Вернувшись в Петербург, я уже не сунулся более к своим собратьям-книжникам, а пошел в поденщину. Работал я на голландской бирже, на строениях, на огородах, большею же частью мне приходилось быть без дела. Сестра и на этот раз ко мне снисходила, но у нее разрослось свое семейство, помощников еще не было, и дела их были не блестящи, а потому большой помощи она не могла мне оказать. Неуживчивость на одном месте, а главное, безработица чуть было снова не выгнали меня из Петербурга. Я уже простился с сестрой, приладил себе котомку и лапотки и, пообедав на Сенной, хотел пуститься опять искать приключений, но меня встретили два моих товарища-букиниста и, угостив по-приятельски, отговорили покидать Петербург. Опять я принялся за свою торговлю и, может быть, скоро опять мог бы расторговаться, но не оставлял своей пагубной привычки пьянствовать, а вместе с тем и пугать добрых людей. К зиме я очутился опять раздетым и без средств.

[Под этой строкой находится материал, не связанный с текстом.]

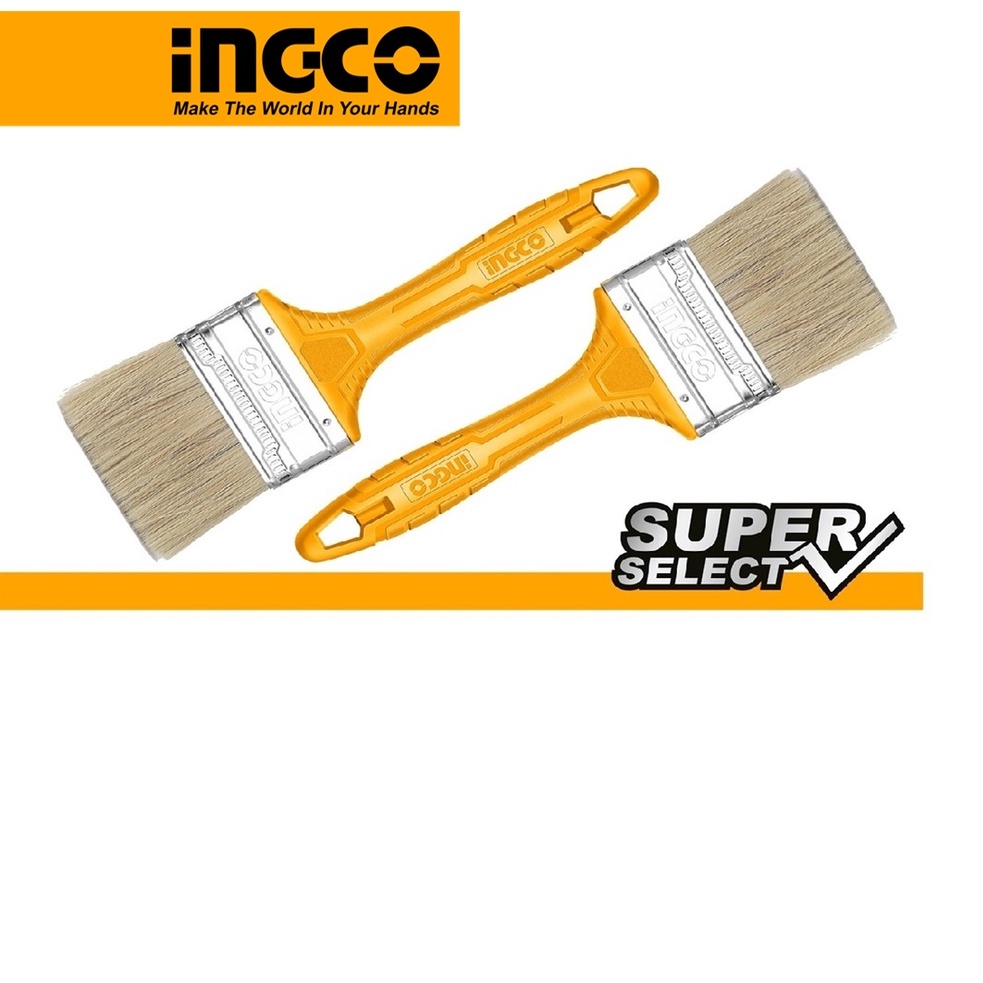 Cọ sơn 45mm ingco chptb78615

На Петербургской стороне в Зверинской улице я нанимал угол. Зима была в тот год очень холодная, а костюм у меня был совершенно летний, и мне, как говорится, трудно было высунуть из квартиры нос. И вот я опять вспомнил Канаева, вспомнил, что он советовал мне писать свою автобиографию. Я написал ему письмо, в котором изложил свое безвыходное положение и объяснил, что намерен составить записки о своей жизни. Канаев, не видевший меня давно, несмотря на то, что знал о моих проделках с Косинским и другими, принял ласково и подарил мне пальто, белье и три рубля. Вскоре после этого я был принят и другими братьями Канаевыми и по совету младшего — в то время военного врача — переселился с Петербургской на Пески, в Херсонскую улицу, как раз против его квартиры.

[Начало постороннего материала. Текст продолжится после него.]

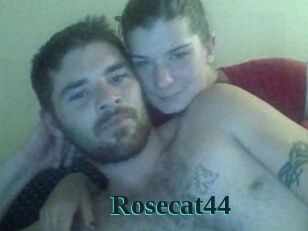 Rosecat44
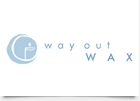 WayOutWax Logo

Переселясь на новую квартиру, я первое время писал свои записки: но мне приходилось голодать, а потому я принялся опять за свою торговлю.

Здесь я познакомился с молодою, но бедною девушкой, П. Н. Нос… Она была сирота, не имевшая ни отца, ни матери. Несмотря на свое благородное происхождение, жили они с сестрой очень бедно, так бедно, что нередко голодали, но, все-таки, вели себя как немногие, которым приходится испытывать нищету. Заглохнувшая столько лет во мне любовь на этот раз возродилась с новой силой; я как будто чувствовал, что это уже последний ее период. Но любовь моя была далеко не платоническая: я жаждал обладания П-й. Она ежедневно заходила в мою комнату и засиживалась иногда по нескольку часов, но решительно объявила, что может быть со мной только дружна.

Видя себя отвергнутым, я от досады и ревности начал сильно пьянствовать и однажды объявил Канаевым, что намерен совершить преступление — зарезать П. Это была просто выдумка, но Канаевы отчасти поверили ей и, желая отвлечь меня от такого намерения, возились со мною, как с малым ребенком. Они посылали меня к своему доктору, давали денег и утешали всем, чем могли. И я между тем пьянствовал, представляя из себя отчаянного.

В апреле 1877 года была объявлена война с турками, и вскоре после того Обществом попечения о больных и раненых воинах было объявлено о приеме желающих поступить в санитары в действующую армию. Средний Канаев посоветовал мне записаться в санитары и много содействовал моему поступлению. Он выхлопотал мне от полиции свидетельство о полной благонадежности и рекомендовал начальнику фельдшерской школы.